I cittadini dell’Ue esportano i danni ambientali dei loro consumi

Gli impatti ambientali negativi e le pressioni associate al consumo dell'Ue sono aumentati nell'Europa orientale e in tutto il mondo

[27 Gennaio 2023]

«I consumatori dell’Unione europea stanno “esportando” impatti ambientali negativi in ​​altri Paesi del mondo, compresi i loro vicini dell’Europa orientale, pur mantenendo la maggior parte dei benefici economici legati al consumo di beni e servizi», è quello che emerge dallo studio “Ecologically unequal exchanges driven by EU consumption” pubblicato su Nature Sustainability da un team  internazionale di ricercatori ha studiato gli indicatori ambientali tra il 1995 e il 2019.

Seccondo i ricercatori guidati da Benedikt Bruckner della Rijksuniversiteit Groningen, «Grandi quote delle  10 principali pressioni e impatti ambientali sono “esternalizzate” in Paesi e regioni al di fuori dell’Ue, mentre oltre l’85% dei benefici economici rimane all’interno dei Paesi membri, sebbene con una distribuzione non uniforme di costi e benefici all’interno dell’Ue».

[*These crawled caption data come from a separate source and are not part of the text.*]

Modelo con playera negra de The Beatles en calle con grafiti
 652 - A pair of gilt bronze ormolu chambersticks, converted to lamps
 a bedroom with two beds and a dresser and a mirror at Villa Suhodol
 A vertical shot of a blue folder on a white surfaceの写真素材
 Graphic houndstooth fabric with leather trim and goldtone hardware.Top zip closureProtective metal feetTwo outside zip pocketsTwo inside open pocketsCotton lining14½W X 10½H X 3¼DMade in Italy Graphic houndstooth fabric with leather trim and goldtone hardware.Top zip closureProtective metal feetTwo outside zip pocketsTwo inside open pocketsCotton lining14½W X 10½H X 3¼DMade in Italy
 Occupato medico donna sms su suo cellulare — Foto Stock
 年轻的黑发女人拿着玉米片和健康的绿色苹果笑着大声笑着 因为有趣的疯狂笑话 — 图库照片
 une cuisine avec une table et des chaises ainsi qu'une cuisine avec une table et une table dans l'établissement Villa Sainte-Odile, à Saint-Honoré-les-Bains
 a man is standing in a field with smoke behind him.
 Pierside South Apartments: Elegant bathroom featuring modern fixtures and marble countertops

Gli indicatori analizzati dallo studio includevano le emissioni di gas serra, il consumo di materiali, l’utilizzo del suolo, il consumo di acque superficiali e sotterranee, la formazione di particolato, l’ossidazione fotochimica e la perdita di biodiversità dovuta alla copertura del suolo, nonché l’ecotossicità delle acque dolci, marine e terrestri. I ricercatori hanno scoperto che «7 pressioni e impatti analizzati – indicatori di ecotossicità, emissioni di gas serra, formazione di particolato, ossidazione fotochimica e consumo di materiale – sono aumentati notevolmente al di fuori dell’Ue, mentre sono diminuiti all’interno del blocco».

I ricercatori delle università di Birmingham, Groningen, del Maryland e dell’Accademia cinese delle scienze, hanno anche analizzato il valore aggiunto dal consumo di beni e servizi all’interno dei  27 Paesi Ue tra il 1995 e il 2019 e l’autore corrispondente dello studio, Yuli Shan dell’università di Birmingham, sottolinea che «Per il bene del nostro pianeta, le pressioni ambientali e gli impatti dei consumi dell’Ue devono diminuire sostanzialmente, riducendo l’esportazione di danni ambientali oltre i confini dei ricchi Stati dell’Ue verso le regioni più povere. I benefici del consumo dell’Ue sono maggiori per la maggior parte dei Paesi membri rispetto a quelli al di fuori dell’Unione, mentre inducono pressioni e impatti ambientali più elevati per i vicini orientali dell’Ue come Albania, Montenegro, Serbia, Ucraina e Moldavia».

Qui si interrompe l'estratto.